= TASK GOAL =
Which lines run from the one containing "2014 Porsche 958" through the end of the entries? Restate them word for word, and only those.

(Brief descriptive captions)
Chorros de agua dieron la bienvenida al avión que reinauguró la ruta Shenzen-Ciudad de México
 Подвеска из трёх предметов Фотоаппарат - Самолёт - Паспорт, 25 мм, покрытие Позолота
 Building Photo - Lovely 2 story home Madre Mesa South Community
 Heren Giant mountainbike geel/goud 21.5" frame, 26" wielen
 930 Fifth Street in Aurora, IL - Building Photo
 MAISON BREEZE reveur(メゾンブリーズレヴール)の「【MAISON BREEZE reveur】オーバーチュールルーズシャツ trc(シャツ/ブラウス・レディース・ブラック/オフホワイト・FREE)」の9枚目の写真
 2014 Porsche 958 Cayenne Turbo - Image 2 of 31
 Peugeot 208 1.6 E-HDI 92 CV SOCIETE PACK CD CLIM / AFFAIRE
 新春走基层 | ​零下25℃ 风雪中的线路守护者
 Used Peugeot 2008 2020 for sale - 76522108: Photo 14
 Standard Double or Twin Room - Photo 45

= SOLVED EXERCISE =
 2014 Porsche 958 Cayenne Turbo - Image 2 of 31
 Peugeot 208 1.6 E-HDI 92 CV SOCIETE PACK CD CLIM / AFFAIRE
 新春走基层 | ​零下25℃ 风雪中的线路守护者
 Used Peugeot 2008 2020 for sale - 76522108: Photo 14
 Standard Double or Twin Room - Photo 45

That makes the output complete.